*Aim of the exercise*: In the reply, include exactly the lines of the entries below from the first to the line with "Meena Gungroo Bangles", that line included.

Entries taken from a collection:
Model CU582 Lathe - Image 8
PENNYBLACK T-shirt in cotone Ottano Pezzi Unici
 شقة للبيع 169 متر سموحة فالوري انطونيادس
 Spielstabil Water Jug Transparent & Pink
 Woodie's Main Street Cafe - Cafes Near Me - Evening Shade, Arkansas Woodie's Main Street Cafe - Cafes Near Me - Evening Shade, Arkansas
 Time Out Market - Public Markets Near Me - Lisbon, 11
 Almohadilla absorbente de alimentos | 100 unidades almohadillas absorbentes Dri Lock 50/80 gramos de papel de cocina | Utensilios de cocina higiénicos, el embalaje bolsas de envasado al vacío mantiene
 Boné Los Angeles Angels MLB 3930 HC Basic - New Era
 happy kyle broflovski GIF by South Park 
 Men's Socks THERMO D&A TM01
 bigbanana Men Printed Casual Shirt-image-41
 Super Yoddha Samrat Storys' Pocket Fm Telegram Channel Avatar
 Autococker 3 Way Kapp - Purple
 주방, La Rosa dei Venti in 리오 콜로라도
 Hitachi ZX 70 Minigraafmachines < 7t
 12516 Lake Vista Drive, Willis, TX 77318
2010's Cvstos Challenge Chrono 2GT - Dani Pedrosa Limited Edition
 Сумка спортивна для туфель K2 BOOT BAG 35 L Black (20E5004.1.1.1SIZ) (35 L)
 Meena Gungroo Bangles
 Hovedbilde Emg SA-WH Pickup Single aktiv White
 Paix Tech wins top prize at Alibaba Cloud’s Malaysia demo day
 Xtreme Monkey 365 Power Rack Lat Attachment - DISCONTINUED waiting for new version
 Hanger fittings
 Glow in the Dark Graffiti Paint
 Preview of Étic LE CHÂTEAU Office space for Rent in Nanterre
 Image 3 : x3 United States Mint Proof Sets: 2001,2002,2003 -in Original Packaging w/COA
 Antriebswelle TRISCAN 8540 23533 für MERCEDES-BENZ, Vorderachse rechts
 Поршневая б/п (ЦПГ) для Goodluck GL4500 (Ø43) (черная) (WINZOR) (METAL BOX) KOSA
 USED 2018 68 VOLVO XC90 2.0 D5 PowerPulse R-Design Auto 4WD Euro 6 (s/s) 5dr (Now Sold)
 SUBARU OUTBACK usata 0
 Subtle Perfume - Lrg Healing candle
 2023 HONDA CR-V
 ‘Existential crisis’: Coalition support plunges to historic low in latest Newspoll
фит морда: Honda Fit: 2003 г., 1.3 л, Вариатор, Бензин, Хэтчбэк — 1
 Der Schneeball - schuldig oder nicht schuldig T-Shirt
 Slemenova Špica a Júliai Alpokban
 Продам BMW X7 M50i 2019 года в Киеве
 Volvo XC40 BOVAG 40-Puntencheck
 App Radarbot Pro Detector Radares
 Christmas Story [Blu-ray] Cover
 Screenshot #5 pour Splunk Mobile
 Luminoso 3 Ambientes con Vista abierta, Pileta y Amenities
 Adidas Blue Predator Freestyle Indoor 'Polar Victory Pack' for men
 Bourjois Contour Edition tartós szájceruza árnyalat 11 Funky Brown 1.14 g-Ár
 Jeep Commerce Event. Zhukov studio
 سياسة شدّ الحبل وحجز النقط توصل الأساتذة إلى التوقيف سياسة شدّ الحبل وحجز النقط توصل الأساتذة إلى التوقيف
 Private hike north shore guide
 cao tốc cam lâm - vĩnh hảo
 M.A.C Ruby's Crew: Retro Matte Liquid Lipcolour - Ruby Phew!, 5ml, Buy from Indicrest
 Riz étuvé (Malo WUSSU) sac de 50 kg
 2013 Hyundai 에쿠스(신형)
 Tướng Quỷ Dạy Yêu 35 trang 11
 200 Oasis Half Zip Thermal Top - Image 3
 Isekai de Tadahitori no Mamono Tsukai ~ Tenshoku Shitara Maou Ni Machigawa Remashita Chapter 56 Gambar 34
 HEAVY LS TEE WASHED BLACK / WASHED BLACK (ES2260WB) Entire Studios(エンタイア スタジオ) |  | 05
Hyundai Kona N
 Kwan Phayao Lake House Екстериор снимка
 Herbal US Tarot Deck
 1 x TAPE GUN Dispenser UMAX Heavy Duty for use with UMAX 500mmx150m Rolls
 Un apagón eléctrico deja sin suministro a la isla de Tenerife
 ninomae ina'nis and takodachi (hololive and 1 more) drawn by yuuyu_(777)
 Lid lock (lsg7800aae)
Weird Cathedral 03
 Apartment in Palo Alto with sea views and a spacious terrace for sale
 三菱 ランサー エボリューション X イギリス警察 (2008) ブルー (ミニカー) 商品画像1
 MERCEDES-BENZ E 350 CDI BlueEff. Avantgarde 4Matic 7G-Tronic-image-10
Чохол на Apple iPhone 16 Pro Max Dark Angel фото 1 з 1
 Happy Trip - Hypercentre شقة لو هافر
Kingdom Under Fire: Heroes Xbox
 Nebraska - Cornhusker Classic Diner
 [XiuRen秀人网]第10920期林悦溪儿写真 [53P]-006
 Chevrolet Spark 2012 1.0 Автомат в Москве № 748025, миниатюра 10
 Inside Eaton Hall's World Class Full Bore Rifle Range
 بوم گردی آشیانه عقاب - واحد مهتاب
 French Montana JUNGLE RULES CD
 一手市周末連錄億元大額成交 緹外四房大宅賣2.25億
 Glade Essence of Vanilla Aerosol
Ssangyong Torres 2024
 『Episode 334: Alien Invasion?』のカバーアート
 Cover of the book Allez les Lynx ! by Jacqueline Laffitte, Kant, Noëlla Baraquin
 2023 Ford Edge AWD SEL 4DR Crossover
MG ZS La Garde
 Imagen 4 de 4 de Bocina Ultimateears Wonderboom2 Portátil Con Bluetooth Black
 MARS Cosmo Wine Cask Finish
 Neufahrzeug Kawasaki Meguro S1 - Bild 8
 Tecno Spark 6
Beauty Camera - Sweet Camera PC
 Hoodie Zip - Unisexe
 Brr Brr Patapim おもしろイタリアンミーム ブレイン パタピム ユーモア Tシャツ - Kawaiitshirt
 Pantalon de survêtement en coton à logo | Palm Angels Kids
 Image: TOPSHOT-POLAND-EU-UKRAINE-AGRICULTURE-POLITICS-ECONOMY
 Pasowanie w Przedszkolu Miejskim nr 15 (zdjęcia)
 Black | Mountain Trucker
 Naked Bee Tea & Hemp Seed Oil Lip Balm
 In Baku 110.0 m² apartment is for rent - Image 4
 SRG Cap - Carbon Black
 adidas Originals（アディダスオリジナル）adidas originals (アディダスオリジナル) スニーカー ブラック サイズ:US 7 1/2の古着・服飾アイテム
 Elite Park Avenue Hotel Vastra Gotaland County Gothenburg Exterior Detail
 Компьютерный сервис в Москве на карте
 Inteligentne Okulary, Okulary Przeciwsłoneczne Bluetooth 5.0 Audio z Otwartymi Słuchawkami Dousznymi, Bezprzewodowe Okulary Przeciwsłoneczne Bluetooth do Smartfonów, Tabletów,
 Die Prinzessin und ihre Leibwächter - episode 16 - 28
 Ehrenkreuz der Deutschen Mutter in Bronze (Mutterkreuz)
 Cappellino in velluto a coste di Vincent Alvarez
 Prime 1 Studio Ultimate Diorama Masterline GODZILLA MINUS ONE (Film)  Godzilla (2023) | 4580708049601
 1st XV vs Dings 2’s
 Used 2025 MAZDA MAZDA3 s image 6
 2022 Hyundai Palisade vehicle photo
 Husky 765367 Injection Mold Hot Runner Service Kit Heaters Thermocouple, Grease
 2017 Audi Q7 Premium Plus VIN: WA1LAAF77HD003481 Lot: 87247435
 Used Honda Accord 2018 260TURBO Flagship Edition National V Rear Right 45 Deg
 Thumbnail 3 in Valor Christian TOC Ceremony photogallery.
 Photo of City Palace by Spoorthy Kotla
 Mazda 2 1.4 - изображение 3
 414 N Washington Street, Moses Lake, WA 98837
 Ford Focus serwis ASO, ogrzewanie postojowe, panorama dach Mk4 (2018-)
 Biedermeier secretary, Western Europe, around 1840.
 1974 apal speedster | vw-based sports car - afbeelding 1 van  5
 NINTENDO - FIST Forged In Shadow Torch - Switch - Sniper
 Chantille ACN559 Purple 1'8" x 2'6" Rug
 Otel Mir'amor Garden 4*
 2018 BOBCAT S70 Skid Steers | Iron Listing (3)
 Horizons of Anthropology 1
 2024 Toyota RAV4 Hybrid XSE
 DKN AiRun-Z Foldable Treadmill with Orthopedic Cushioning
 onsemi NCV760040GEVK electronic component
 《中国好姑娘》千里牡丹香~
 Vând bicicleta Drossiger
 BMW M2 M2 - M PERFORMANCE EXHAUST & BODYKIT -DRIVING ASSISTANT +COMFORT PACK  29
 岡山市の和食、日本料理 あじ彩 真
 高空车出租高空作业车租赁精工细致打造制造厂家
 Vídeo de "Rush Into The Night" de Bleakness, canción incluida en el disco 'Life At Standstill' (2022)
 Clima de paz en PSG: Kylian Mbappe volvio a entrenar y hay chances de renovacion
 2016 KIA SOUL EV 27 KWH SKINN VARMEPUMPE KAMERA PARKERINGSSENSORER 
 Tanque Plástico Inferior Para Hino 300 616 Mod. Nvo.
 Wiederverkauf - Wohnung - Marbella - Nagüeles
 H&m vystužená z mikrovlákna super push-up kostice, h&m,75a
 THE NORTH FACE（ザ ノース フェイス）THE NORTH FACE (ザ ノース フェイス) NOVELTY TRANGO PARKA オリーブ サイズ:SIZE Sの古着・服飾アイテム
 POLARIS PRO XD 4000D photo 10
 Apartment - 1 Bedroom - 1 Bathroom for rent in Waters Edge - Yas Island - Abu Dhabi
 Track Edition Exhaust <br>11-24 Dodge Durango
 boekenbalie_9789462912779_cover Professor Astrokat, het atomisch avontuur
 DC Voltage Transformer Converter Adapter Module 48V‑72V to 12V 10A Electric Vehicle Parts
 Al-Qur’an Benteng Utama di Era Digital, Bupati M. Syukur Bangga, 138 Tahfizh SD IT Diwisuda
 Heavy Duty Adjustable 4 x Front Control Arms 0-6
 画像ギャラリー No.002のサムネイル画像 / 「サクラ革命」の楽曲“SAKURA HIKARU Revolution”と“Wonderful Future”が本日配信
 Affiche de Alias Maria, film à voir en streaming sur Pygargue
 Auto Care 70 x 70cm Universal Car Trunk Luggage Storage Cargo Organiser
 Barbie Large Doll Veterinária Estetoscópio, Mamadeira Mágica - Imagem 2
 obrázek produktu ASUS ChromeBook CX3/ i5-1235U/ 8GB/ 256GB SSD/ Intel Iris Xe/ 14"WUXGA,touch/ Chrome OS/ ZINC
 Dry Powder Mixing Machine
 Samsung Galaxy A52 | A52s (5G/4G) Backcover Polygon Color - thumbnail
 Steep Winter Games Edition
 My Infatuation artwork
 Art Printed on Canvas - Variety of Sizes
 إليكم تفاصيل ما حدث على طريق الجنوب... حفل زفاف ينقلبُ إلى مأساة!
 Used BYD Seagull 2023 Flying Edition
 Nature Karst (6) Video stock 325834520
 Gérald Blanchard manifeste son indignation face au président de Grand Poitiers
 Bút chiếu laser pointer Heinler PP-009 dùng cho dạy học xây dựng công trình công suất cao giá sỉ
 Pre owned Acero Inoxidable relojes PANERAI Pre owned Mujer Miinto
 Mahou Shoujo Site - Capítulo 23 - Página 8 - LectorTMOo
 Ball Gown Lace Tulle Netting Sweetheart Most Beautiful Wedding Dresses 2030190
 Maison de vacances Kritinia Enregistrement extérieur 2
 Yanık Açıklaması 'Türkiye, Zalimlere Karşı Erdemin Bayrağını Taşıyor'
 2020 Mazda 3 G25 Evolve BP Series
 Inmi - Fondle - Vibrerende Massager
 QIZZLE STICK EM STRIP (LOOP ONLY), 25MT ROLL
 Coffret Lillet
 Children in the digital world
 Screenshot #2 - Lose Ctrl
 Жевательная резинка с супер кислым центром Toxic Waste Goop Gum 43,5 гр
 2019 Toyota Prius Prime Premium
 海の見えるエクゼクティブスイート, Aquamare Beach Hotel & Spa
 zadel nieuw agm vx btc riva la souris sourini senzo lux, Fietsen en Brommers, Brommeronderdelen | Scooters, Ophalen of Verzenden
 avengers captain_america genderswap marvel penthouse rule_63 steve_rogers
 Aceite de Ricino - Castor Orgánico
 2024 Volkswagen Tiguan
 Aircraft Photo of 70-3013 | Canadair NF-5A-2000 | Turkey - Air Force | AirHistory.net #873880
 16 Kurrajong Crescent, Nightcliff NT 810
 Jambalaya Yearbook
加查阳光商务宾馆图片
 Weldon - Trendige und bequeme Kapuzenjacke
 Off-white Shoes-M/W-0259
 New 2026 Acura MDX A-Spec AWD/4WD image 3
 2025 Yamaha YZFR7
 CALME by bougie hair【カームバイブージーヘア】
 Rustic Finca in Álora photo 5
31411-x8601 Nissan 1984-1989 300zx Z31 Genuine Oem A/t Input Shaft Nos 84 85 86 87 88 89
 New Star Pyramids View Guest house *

*Exercise response*:
Model CU582 Lathe - Image 8
PENNYBLACK T-shirt in cotone Ottano Pezzi Unici
 شقة للبيع 169 متر سموحة فالوري انطونيادس
 Spielstabil Water Jug Transparent & Pink
 Woodie's Main Street Cafe - Cafes Near Me - Evening Shade, Arkansas Woodie's Main Street Cafe - Cafes Near Me - Evening Shade, Arkansas
 Time Out Market - Public Markets Near Me - Lisbon, 11
 Almohadilla absorbente de alimentos | 100 unidades almohadillas absorbentes Dri Lock 50/80 gramos de papel de cocina | Utensilios de cocina higiénicos, el embalaje bolsas de envasado al vacío mantiene
 Boné Los Angeles Angels MLB 3930 HC Basic - New Era
 happy kyle broflovski GIF by South Park 
 Men's Socks THERMO D&A TM01
 bigbanana Men Printed Casual Shirt-image-41
 Super Yoddha Samrat Storys' Pocket Fm Telegram Channel Avatar
 Autococker 3 Way Kapp - Purple
 주방, La Rosa dei Venti in 리오 콜로라도
 Hitachi ZX 70 Minigraafmachines < 7t
 12516 Lake Vista Drive, Willis, TX 77318
2010's Cvstos Challenge Chrono 2GT - Dani Pedrosa Limited Edition
 Сумка спортивна для туфель K2 BOOT BAG 35 L Black (20E5004.1.1.1SIZ) (35 L)
 Meena Gungroo Bangles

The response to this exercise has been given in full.